Naar de inhoud

ECLI:NL:GHSHE:2017:3142 Gerechtshof 's-Hertogenbosch , 11-07-2017 / 200.165.640_01

Uitspraak

GERECHTSHOF ̓s-HERTOGENBOSCH

Afdeling civiel recht

zaaknummer 200.165.640/01

arrest van 11 juli 2017

in de zaak van

[appellante] ,

wonende te [woonplaats] ,

appellante,

advocaat: mr.
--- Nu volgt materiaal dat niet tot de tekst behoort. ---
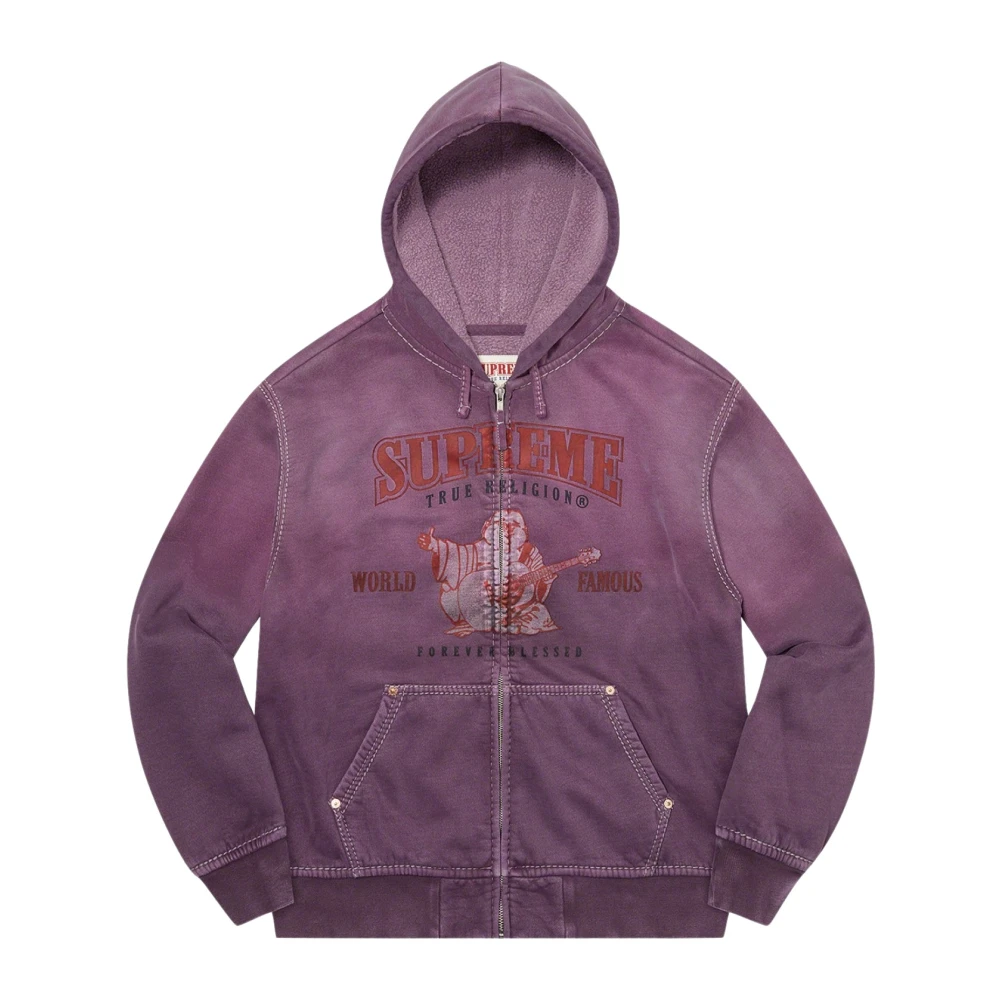 Supreme Paarse Zip Up Hoodie Limited Edition Purple Heren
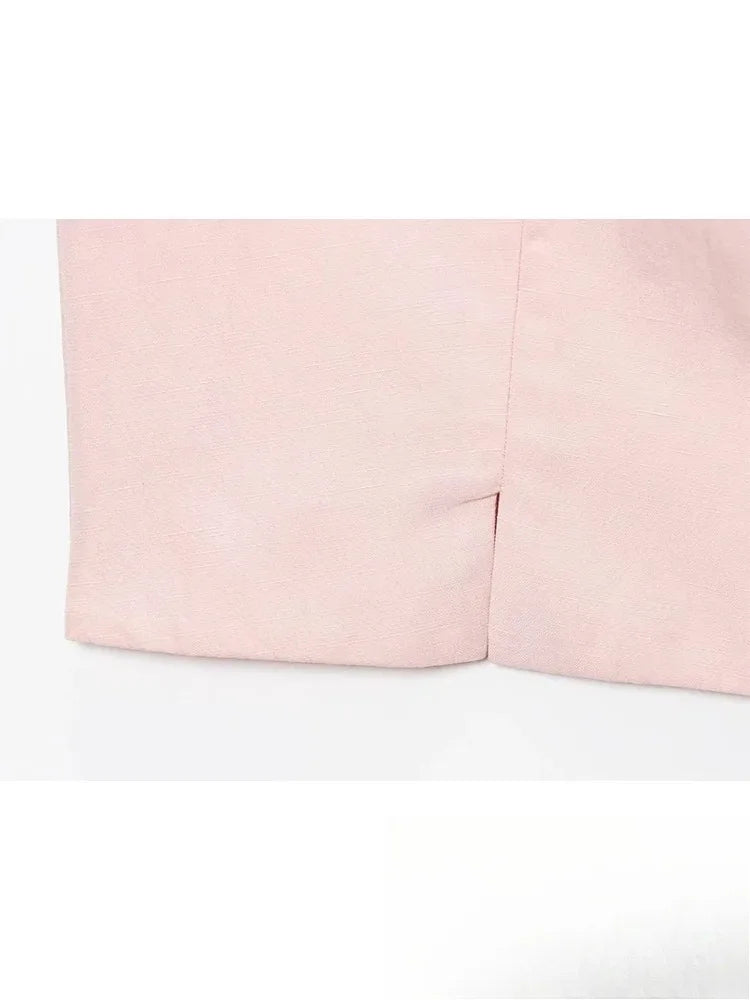 KONDALA Casual Büro Dame Chic Rosa Frauen Anzug Solide Oansatz Tasten Weste Gerade Lose Hosen Mode 2025, Frühling Sommer Set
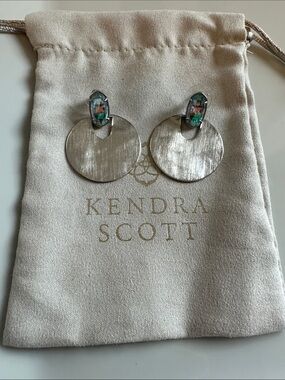 Kendra Scott Silver Brushed Disc Earrings with Dichroic Glass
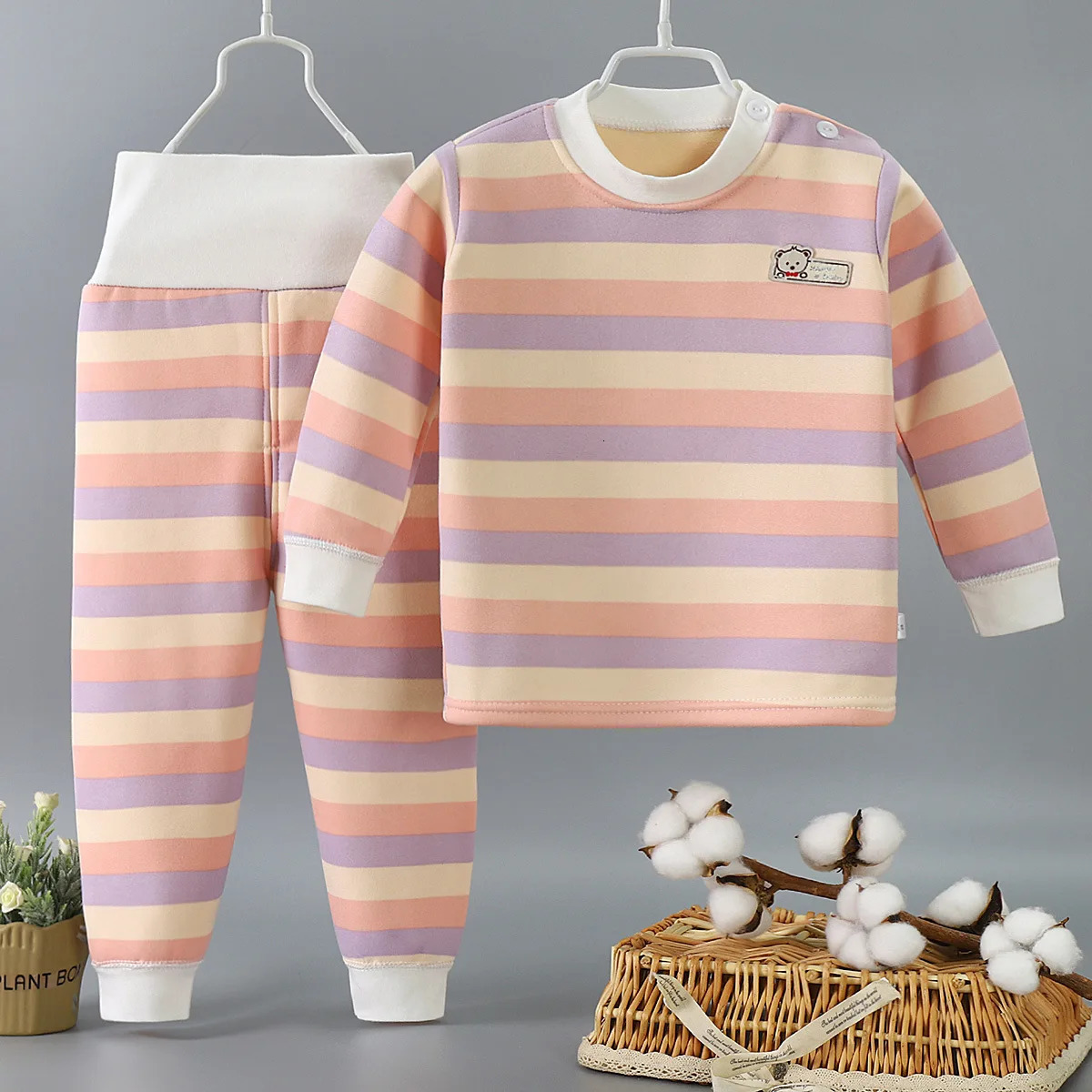 Thicken Warm Plush Children Sets Kids Clothes Boy Girl Underwear Suits Autumn Winter Children Clothinn 251023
J.P. van Rossum te Amsterdam,

tegen:

2 Sell It Consulting & Training B.V.,

gevestigd te [vestigingsplaats] ,

geïntimeerde,

in hoger beroep niet verschenen,

op het bij exploot van dagvaarding van 19 december 2014 ingeleide hoger beroep van de door de rechtsbank ’s-Hertogenbosch, respectievelijk de rechtbank Oost-Brabant, zittingsplaats ’s-Hertogenbosch, gewezen vonnissen van 27 juli 2011, 30 mei 2012, 6 november 2013 en 8 oktober 2014 tussen appellante - [appellante] – (alsmede [beheer] Beheer BV) als gedaagden en geïntimeerde – 2 Sell It - als eiseres.

1 Het geding in eerste aanleg (zaak-/rolnummer C/01/222451/HA ZA 10-2738)

Voor het geding in eerste aanleg verwijst het hof naar voormelde vonnissen en naar het daaraan voorafgaande tussenvonnis van 9 maart 2011.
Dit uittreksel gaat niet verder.